Sometimes when you fit models to test their predictive accuracy, you find that you’re dealing with too many predictors (feature variables). You can draw upon your domain knowledge, or that of an available domain expert, to reduce predictors until you only have those that will offer your model superior accuracy. But if you lack domain knowledge, there are some automated techniques designed to attack the problem: forward and backward elimination.
Feature engineering is the part of the data science process where you try to identify a subset of the available predictors to use in your model. Using your knowledge of the data, you can select and create predictors that make models and machine learning algorithms work better.
Feature engineering is arguably the most underrated part of machine learning. Just because you have a lot of data doesn’t mean all of it has to be used in the model.

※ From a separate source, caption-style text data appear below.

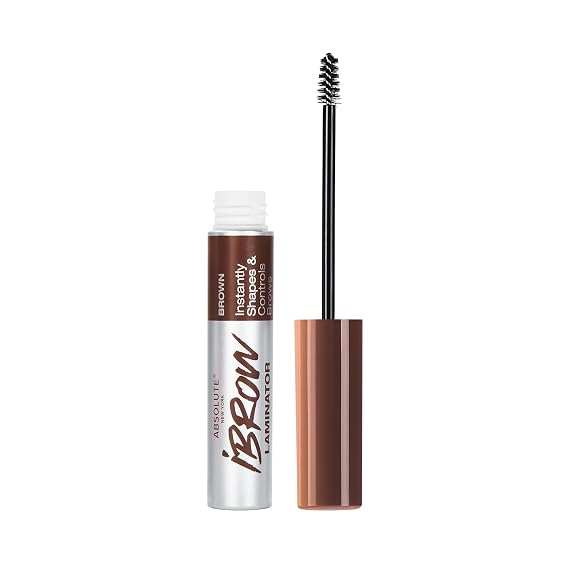 Absolute New York Brown Eyebrow Gel for Tinting and Volumizing Eyebrows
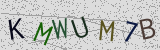 Visual CAPTCHA challenge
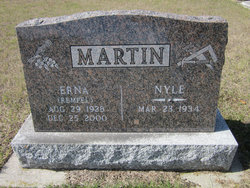Erna <I>Rempel</I> Martin 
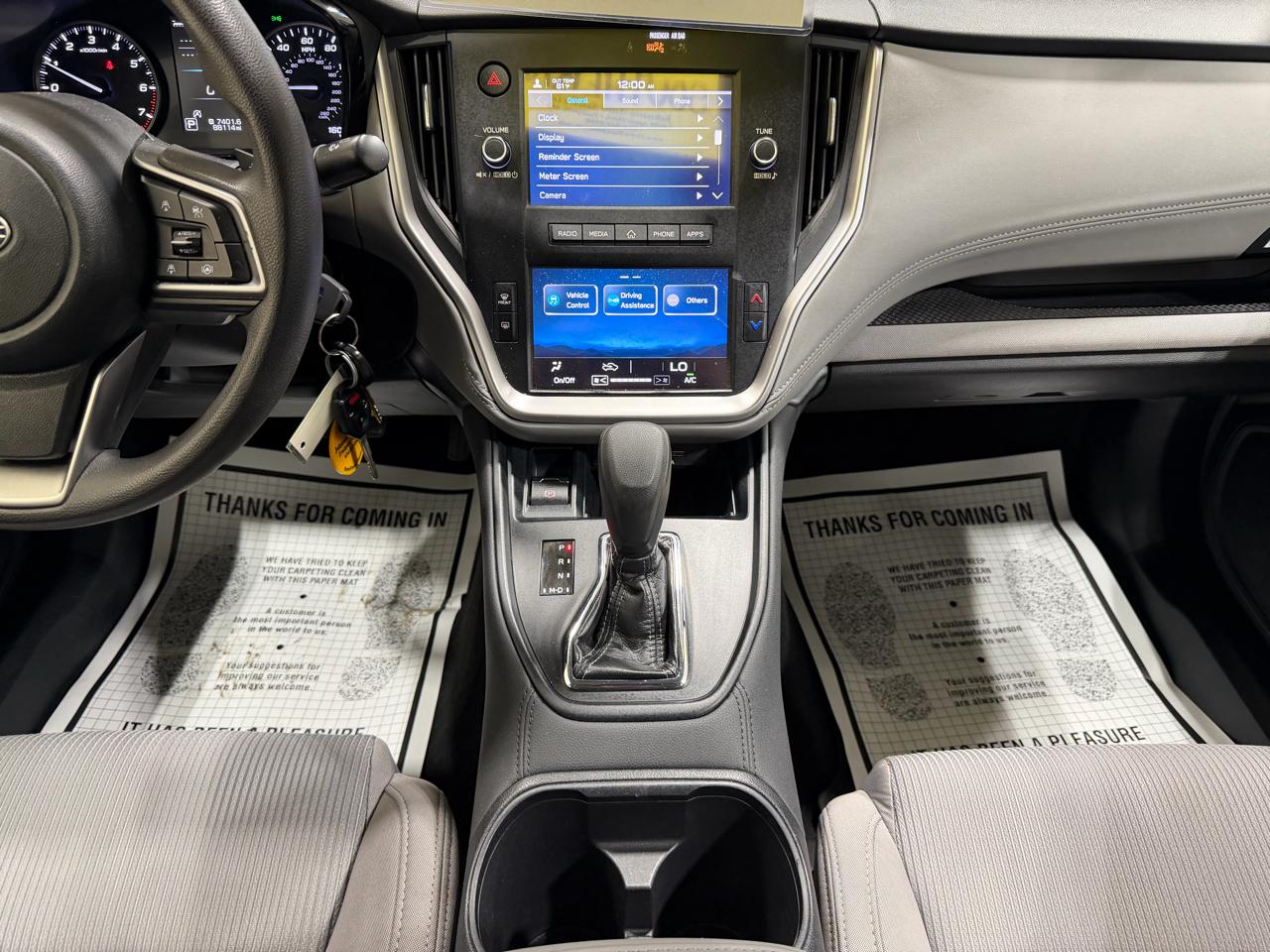 Subaru Legacy CVT 2020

In fact, some experts say better, well-conceived features are more valuable than algorithms, and some reports say creative feature engineering wins Kaggle competitions.
The process of feature engineering is as much of an art as a science. It’s good to have a domain expert around for this process, but it’s also good to use your imagination. Although feature engineering is an on-going topic of research, let’s review two distinct automated approaches that you can use.
Let’s start with a regression model with no features and then gradually add one feature at a time, according to which feature improves the model the most.
Basically, you build all possible regression models with a single predictor and pick the best one. Then try all possible models that include that best predictor plus a second predictor. Pick the best of those. You keep adding one feature at a time, and you stop when your model no longer improves or starts worsening.
In the R code below we’ll use the
nuclear data set from the
boot package. This data set contains “Nuclear power station construction data” with 32 observations and 11 variables. To perform the forward elimination feature engineering technique, we’ll use two R functions iteratively,
update to perform a series of tests and update the fitted regression model. The goal is to choose the best model for predicting construction cost.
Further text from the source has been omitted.